The purpose of this paper is to investigate the influence of religion on the effectiveness of product packages in attracting customers’ attention, and forming their attitudes, preferences, and buying decisions. In other words, the study aims at finding out how do Muslims respond to product packages including elements believed to disagree with the Islamic values, in this study referred to as “contentious packages.”

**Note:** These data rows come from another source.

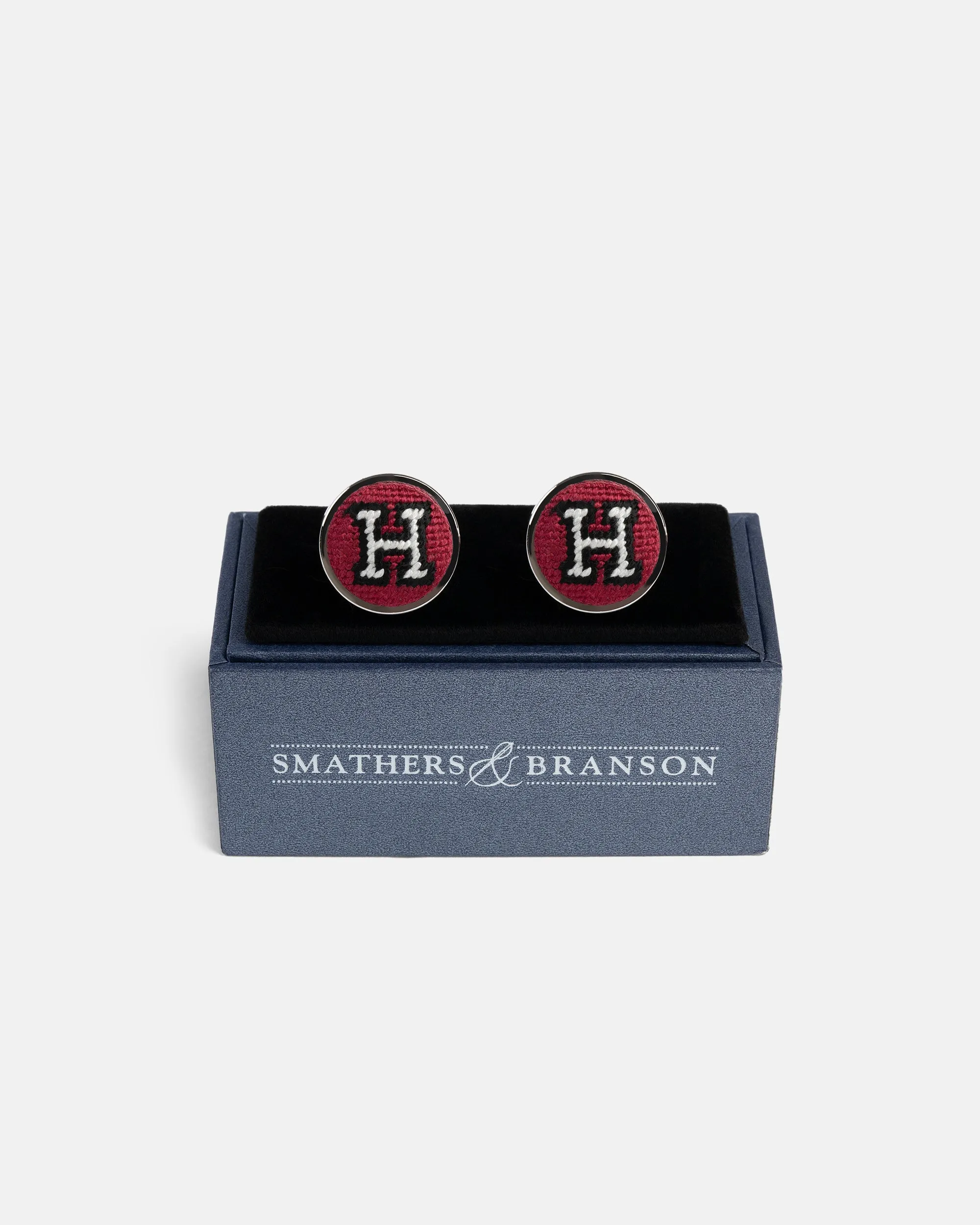 Harvard University Needlepoint Cufflinks sold by J. Press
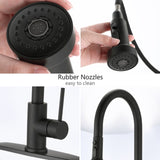 Stainless Steel Pull Down Kitchen Faucet with Soap Dispenser Matte Black JYBB41202MB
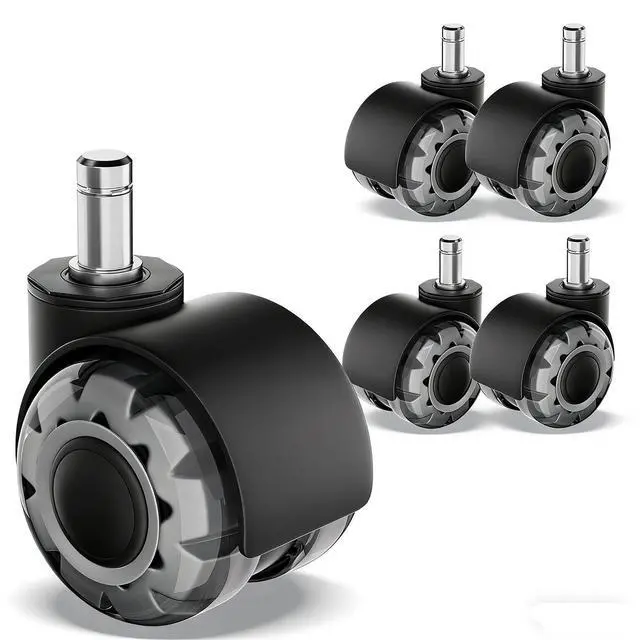 Main image of Office Chair Wheels 2" Dual-Wheels Roller Blade Rubber Chair Casters Replacement, Heavy Duty Quiet No Scratch Gaming Chair Wheel for Hardwood Floor Carpet, Set of 5, Universal Fit/Not for 1KEA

Design/methodology/approach

To test the five hypotheses, the study recruited 300 young Muslims in Bahrain, chosen from the population of 14,000 students of the University of Bahrain aged between 20 and 25, 26 percent male and 74 percent female. The primary data were collected through personal interviews with the selected sample, using a specially designed questionnaire. The questionnaire included ten questions covering two personal questions for age and gender and eight other questions attempting to find out Muslims’ responses to contentious packages in terms of attention, attitudes, buying intention, company image, and word-of-mouth.

Findings

Findings indicate that use of contentious packaging runs a high risk of tarnishing a company’s reputation and appeal. Muslims who live by Shari’a and the dictates of the Kuran will consider such companies to be promoters of fornication, and will therefore boycott such companies in order to prevent them from corrupting the purity and piety of the community. If advertising firms continue to fail in recognizing the profundity of these beliefs within Muslim communities, both their fiscal success and reputation run the risk of suffering substantial damage.

Practical implications

The findings of this study send six important messages to multinational companies doing business in Islamic countries. First, Islam governs all aspects of Muslim life, including consumer behavior. Second, to prosper in Islamic countries, choose packaging that does not contradict or offend the principles and values of Islam. Third, recognize that much packaging that has proven to be effective in Western countries will not be successful in Islamic countries due to vastly different cultural environments. Fourth, a contentious package may result in a steep drop in the sales. Fifth, using contentious packages may damage the reputation. Sixth, you can attract more Muslims by using non-contentious packages.

Originality/value

This paper is of great value to companies who wish to expand their practice in Muslim countries. Its findings promise to improve advertising standards and to increase both company profits and customer satisfaction.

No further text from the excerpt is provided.